§ **SOURCE MATERIAL**:
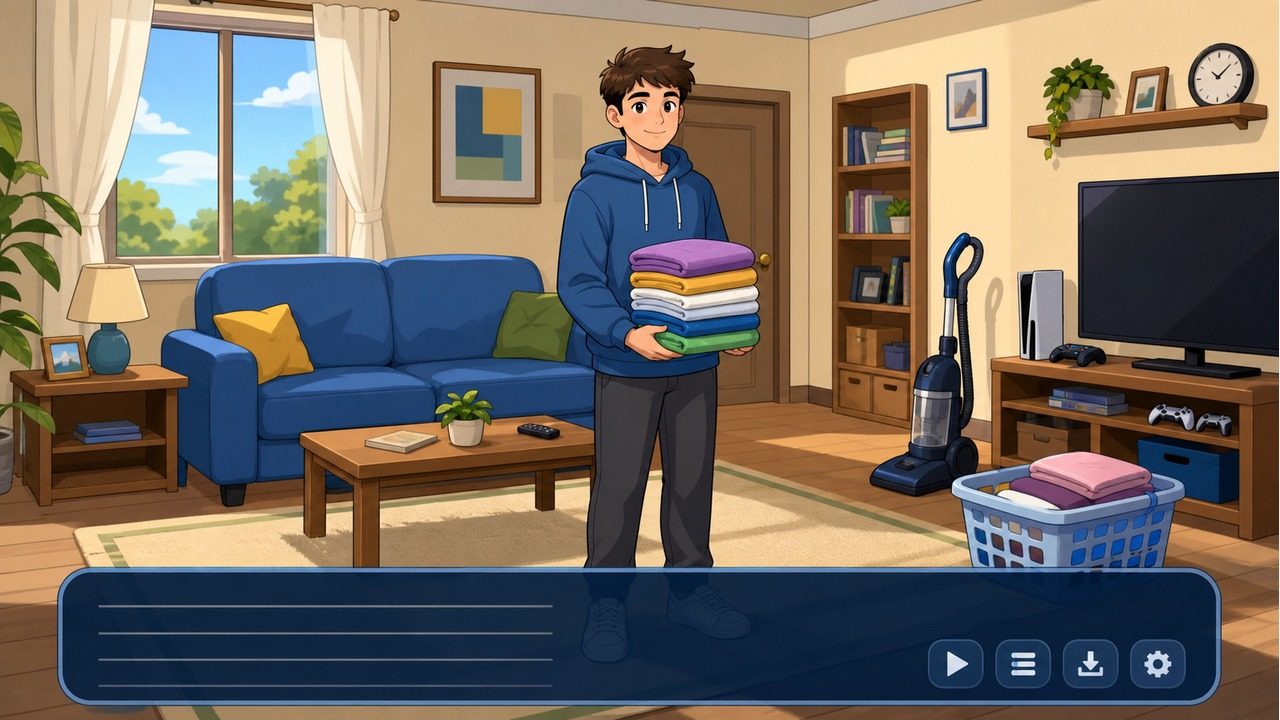家务:HouseChores 章节事件 预览图 7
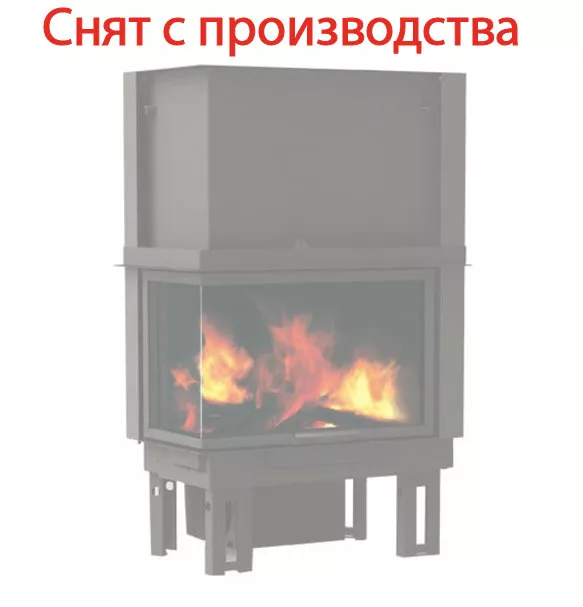 Фото Каминная топка TEKNO 2 UP DX N EdilKamin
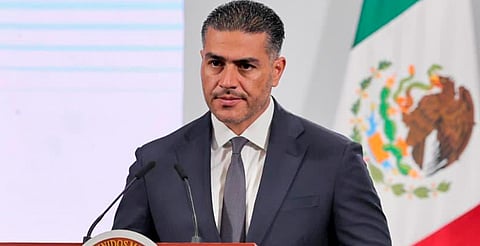 Harfuch regresaría a Morelia este miércoles para revisar Plan Michoacán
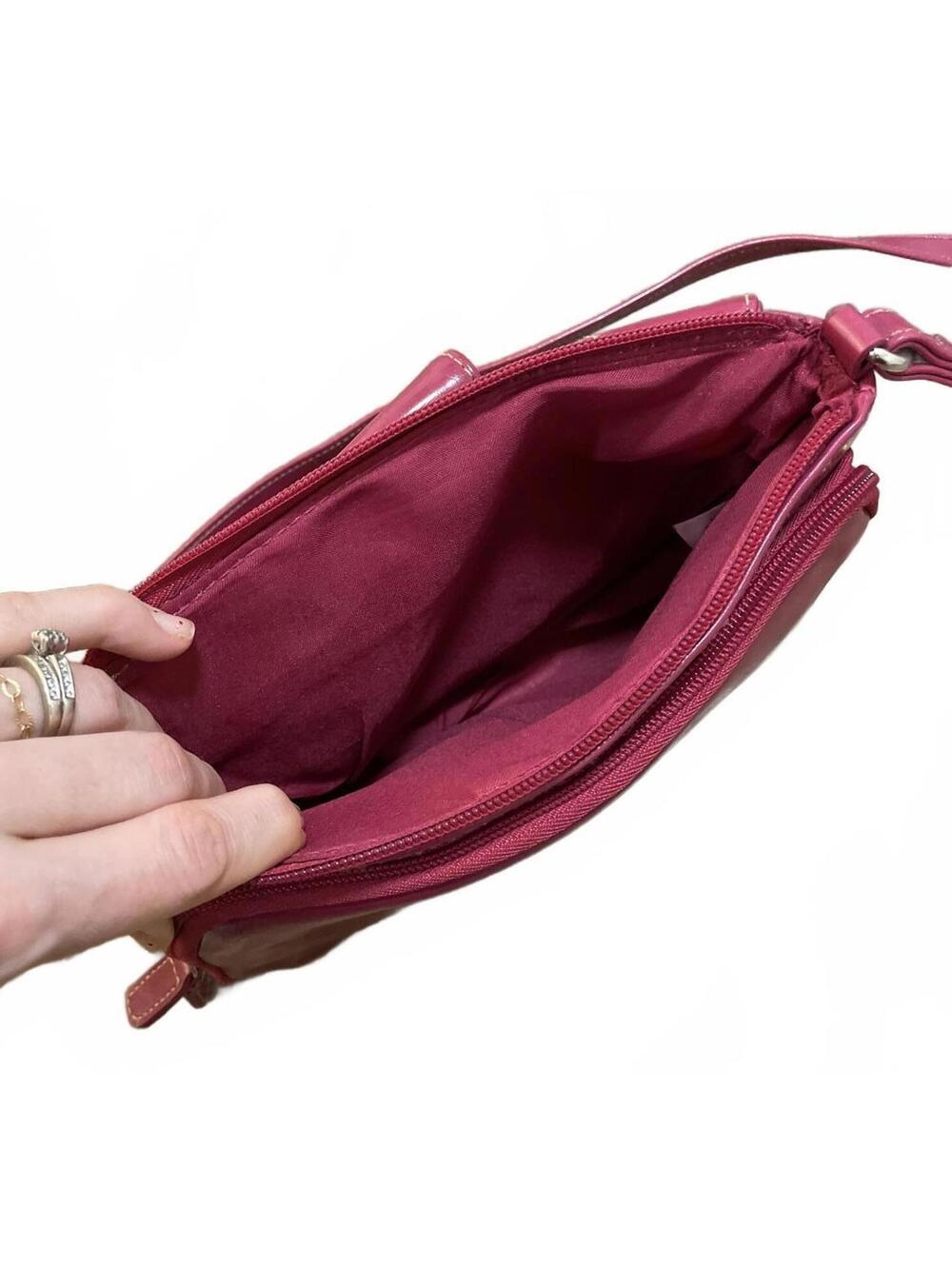Minicci Crossbody Purse Women's Small Pink Casual Resort - Picture 6 of 9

§ **YOUR INSTRUCTIONS**:
Write out all of the data above exactly, pictures excluded.

§ **EXERCISE OUTPUT**:
家务:HouseChores 章节事件 预览图 7
 Фото Каминная топка TEKNO 2 UP DX N EdilKamin
 Harfuch regresaría a Morelia este miércoles para revisar Plan Michoacán
Minicci Crossbody Purse Women's Small Pink Casual Resort - Picture 6 of 9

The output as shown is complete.